↓
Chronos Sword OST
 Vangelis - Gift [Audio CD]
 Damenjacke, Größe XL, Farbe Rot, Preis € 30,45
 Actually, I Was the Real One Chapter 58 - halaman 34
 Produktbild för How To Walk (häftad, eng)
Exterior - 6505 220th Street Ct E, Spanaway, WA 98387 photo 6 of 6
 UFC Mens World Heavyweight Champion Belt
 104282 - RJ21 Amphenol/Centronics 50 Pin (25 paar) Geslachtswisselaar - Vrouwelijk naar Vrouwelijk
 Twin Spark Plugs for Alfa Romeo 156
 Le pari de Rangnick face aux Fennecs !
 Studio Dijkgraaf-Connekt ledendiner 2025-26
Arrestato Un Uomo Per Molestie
↑
What is wanted is an exact copy of the data.

## Completed exercise
Chronos Sword OST
 Vangelis - Gift [Audio CD]
 Damenjacke, Größe XL, Farbe Rot, Preis € 30,45
 Actually, I Was the Real One Chapter 58 - halaman 34
 Produktbild för How To Walk (häftad, eng)
Exterior - 6505 220th Street Ct E, Spanaway, WA 98387 photo 6 of 6
 UFC Mens World Heavyweight Champion Belt
 104282 - RJ21 Amphenol/Centronics 50 Pin (25 paar) Geslachtswisselaar - Vrouwelijk naar Vrouwelijk
 Twin Spark Plugs for Alfa Romeo 156
 Le pari de Rangnick face aux Fennecs !
 Studio Dijkgraaf-Connekt ledendiner 2025-26
Arrestato Un Uomo Per Molestie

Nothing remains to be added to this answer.